#### [Information]
>>>

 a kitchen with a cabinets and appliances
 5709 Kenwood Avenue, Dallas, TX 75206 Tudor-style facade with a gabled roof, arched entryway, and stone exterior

<<<
>>>

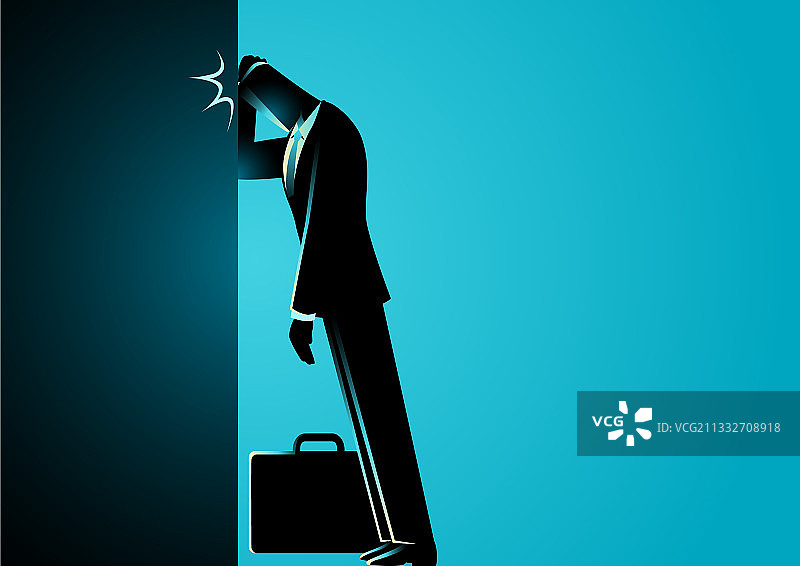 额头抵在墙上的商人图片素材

<<<

Filter the data above by the word "with" and copy every line that matches.

 a kitchen with a cabinets and appliances
 5709 Kenwood Avenue, Dallas, TX 75206 Tudor-style facade with a gabled roof, arched entryway, and stone exterior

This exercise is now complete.